TELOSscope: The Telos Press Blog

Matthias Küntzel on the Historical Background of Iranian Antisemitism

Writing at The Tower website, Ben Cohen examines Ali Khamenei’s eliminationist rhetoric toward Israel, as well as the responses of Western politicians in the wake of the Iran nuclear deal. Cohen’s article “Global Anti-Semitism Has a New Leader” draws on the historical research recently introduced by Matthias Küntzel in his book Germany and Iran: From the Aryan Axis to the Nuclear Threshold, now available in our online store.

Here is an excerpt from Cohen’s piece:

The echoes of Nazism in Khamenei’s rants are not a coincidence. As the German scholar Matthias Küntzel explains in his fascinating Germany and Iran: From the Aryan Axis to the Nuclear Threshold, a long-standing “Germanophilia” among Iranians presented the Nazis with a ready audience for their propaganda, which stressed the common racial origins of Aryans and the majority population of Iran (“the land of the Aryans”). Its clearest expression took shape in the Persian-language broadcasts of Radio Zeesen, named after the small town south of Berlin where its offices were located.

In addition to the shared Aryanism myth, other core themes revolved around the symbiosis between anti-Semitism and anti-Americanism. “Every American who comes to the Orient does so on the instructions of the Jews,” Fritz Grobba, Hitler’s ambassador in Iraq—who played a major role in inciting the June 1941 Farhud pogrom against the Jews of Baghdad—told Radio Zeesen’s large audience. “The Jews are pulling the American strings.”

While eyewitness reports of crowds in bazaars, town squares, and coffee houses hunched over wireless sets attest to Radio Zeesen’s popularity, one listener was able to tune in privately, using a trusty, British-made Pye radio. That individual was Ayatollah Khomeini, who returned to the Shi’a holy city of Qom in 1936 at the beginning of his long march to the leadership of the Islamic Republic that emerged from revolutionary turmoil 43 years later.

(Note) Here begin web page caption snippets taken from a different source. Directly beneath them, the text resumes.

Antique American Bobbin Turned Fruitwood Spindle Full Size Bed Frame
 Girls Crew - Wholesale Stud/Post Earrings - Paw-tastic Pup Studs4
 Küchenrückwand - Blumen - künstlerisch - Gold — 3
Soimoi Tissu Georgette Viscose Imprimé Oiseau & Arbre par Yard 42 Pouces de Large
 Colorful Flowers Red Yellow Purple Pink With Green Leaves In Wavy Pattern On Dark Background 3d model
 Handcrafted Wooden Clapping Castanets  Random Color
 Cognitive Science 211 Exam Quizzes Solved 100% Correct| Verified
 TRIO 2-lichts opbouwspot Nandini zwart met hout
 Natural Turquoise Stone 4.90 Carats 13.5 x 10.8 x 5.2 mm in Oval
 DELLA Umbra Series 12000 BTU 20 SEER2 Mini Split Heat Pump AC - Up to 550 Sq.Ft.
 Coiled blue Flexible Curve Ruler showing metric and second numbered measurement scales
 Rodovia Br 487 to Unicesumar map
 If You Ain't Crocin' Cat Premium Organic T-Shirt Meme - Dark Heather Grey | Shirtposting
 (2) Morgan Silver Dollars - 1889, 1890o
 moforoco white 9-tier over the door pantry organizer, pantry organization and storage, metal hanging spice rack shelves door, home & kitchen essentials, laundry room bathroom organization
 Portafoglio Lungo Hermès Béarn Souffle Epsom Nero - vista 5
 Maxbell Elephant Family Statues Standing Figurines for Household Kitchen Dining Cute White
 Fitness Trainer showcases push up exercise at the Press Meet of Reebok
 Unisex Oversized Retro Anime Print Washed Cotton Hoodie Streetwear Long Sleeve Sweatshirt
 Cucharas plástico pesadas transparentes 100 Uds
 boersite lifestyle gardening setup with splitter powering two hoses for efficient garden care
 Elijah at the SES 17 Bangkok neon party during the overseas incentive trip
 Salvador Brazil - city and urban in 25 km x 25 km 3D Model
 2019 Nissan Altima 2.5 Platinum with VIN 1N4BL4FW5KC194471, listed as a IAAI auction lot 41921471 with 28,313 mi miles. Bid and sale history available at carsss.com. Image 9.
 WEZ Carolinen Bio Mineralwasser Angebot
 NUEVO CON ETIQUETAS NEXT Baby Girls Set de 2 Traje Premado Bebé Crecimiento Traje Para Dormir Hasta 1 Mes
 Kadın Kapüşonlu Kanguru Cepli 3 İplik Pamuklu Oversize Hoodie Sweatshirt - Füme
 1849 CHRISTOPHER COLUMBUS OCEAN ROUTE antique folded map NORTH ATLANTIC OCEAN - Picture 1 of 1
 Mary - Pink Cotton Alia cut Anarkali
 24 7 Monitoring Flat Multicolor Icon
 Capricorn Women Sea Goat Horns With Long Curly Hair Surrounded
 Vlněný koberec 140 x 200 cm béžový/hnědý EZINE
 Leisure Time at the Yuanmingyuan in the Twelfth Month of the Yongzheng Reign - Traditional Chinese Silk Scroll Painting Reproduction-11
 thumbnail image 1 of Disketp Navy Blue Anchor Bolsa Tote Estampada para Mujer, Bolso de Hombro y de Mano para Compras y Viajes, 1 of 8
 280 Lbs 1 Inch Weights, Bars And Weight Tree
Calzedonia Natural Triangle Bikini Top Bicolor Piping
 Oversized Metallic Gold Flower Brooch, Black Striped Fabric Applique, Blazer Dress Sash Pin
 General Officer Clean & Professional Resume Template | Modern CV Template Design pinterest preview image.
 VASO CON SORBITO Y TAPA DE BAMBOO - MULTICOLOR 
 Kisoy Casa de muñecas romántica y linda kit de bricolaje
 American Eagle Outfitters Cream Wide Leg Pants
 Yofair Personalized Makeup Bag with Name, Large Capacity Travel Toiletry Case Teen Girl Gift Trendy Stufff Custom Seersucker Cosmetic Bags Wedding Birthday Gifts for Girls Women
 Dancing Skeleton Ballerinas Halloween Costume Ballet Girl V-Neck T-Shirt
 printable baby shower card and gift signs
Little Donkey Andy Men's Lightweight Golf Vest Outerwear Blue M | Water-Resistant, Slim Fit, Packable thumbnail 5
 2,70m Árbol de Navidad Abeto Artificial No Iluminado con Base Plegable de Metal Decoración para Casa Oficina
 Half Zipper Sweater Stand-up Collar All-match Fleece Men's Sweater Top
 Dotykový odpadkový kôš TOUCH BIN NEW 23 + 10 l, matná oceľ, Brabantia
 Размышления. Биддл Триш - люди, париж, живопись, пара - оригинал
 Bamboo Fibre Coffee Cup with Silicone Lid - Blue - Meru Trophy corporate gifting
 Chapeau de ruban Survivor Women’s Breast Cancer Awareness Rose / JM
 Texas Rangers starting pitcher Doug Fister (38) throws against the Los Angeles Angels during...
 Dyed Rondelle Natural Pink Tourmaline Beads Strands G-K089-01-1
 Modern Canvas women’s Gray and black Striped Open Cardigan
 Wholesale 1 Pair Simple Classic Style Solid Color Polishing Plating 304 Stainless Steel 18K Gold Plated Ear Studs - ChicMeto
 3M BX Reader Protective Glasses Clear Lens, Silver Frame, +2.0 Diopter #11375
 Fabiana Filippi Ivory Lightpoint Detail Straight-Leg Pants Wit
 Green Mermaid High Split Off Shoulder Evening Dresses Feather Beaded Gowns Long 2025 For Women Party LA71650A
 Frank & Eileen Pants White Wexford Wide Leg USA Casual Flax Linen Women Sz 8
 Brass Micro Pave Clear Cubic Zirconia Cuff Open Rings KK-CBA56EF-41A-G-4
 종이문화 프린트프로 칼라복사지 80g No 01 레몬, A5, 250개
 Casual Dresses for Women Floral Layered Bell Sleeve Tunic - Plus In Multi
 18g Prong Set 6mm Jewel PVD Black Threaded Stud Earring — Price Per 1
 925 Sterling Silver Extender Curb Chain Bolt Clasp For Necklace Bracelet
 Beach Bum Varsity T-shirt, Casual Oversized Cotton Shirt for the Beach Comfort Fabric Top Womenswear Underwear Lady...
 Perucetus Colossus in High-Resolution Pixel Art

Khomeini, says Küntzel, was a “connoisseur” of European anti-Semitism whose own writings betray the strong influence of Nazi doctrine on the “Jewish Question.” For example, in his key tract, The Islamic State, Khomeini wrote contemptuously of the “Jews” and their ambition for a “Jewish world state. . . . And since they are liars and determined, I fear that they—God preserve us!—will one day achieve their goal.”